“I could play this on my laptop back home!”
The low-key intro to A House In Asia puts us in a flight sim hovering over a nondescript urban landscape. It would be quite easy to be underwhelmed in that way.
But then the plane banks, The Statue of Liberty comes into view, and, with a gasp of realisation, we start speeding up, heading directly towards the two tallest buildings on Manhattan Island…
The consequences of the War On Terror continue to play out around the world. It could be decades before politicians and historians, let alone artists, have a full picture of it to work from. Barcelona’s Agrupación Señor Serrano have therefore zoomed in on a particularly pivotal moment in the timeline – the capture of Bin Laden in 2011.
“Zoomed in” is the operative phrase, too. Their storytelling media are toy soldiers and a doll’s house reconstruction of Bin Laden’s Abbottabad compound, filmed in close-up on the stage and projected.
It’s no straight retelling of the mission. The company take their cue from the US’s codename for Bin Laden – Geronimo. It allows them to set up the whole operation as a game of cowboys and indians, with all the power dynamics, mythology and racial attitudes that implies. Thus our all-conquering US toy soldiers are filmed against a backdrop of black and white Western movie footage, in which a sinister looking sheriff is overdubbed with Dubya’s bullish speeches to the nation. And when our little indians are filmed with the decapitated heads of their enemy, it’s an old wanted poster of Geronimo we see, standing in for the bounty on Bin Laden.
The group also interweave the story of the real Pakistani compound with that of two other identical houses – the reconstruction of that compound used as a US Navy SEAL training facility, and the set of Zero Dark Thirty, the film that told the story of the mission. Action skips between the three, and often the projected live footage is overlaid with gun sights and computer readouts, further enhancing the sense of unreality, of war-as-video-game.

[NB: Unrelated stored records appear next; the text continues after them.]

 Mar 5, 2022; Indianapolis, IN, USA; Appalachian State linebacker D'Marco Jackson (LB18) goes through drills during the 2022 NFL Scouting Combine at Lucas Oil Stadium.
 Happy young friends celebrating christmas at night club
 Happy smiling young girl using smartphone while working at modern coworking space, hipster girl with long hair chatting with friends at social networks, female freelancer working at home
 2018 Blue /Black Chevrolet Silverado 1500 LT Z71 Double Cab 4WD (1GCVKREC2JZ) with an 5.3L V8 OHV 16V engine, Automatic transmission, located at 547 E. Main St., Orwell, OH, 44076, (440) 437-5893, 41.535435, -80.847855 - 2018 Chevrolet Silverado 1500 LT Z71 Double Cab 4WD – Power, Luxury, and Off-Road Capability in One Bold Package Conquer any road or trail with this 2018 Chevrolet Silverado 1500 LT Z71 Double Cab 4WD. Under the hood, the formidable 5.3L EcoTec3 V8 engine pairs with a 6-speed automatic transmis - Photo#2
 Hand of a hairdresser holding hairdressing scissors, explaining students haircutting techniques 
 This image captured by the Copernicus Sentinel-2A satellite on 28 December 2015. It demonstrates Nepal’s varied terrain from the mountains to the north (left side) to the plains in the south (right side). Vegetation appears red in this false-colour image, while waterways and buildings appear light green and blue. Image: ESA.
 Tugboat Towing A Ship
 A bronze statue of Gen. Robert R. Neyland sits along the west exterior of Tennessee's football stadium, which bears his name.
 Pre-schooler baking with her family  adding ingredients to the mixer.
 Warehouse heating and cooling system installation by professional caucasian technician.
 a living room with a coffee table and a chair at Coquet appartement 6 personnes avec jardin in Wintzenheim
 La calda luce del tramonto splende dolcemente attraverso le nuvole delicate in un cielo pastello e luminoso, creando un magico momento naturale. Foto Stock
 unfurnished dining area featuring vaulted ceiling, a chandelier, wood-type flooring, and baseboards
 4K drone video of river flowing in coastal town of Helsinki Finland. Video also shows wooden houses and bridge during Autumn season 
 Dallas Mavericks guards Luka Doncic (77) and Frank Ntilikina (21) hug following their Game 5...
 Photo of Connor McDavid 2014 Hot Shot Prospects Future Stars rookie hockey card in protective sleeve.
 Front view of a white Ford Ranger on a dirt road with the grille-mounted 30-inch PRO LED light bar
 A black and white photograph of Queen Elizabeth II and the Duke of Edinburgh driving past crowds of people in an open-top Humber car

There’s a lot of geekery involved, and the trio often send this up for comic effect. The famous “Tears in Rain” speech from Bladerunner gets nerdily paraphrased, presumably as much for the creators’ amusement as the audience’s, and they take a pop at themselves for being 40 somethings playing with toy soldiers, even though you know they’re secretly proud of it. The only time they take this too far is when five cowgirls join them on stage for a Take That line dancing routine. The reason? The SEAL who wrote his memoir about the mission had the pen name Mark Owen. The scene’s OK in itself, but a tenuous and unnecessary disruption to the tone here.
That aside, A House in Asia makes for a clever take on an unsavoury chapter of history, and never gets too polemical. Rather than ranting, or worse, glorifying, it eases us into our own thoughts via intricate and visually compelling wee tableaux. The key figure throughout is a white-hatted cowboy who appears several times both in miniature, and in flesh and blood, played by one of the company. He voices his thoughts – weary and conflicted, and certainly not as gung-ho as his brothers-in-arms. By the time we leave, we may well share his ambivalence about where this leaves the world.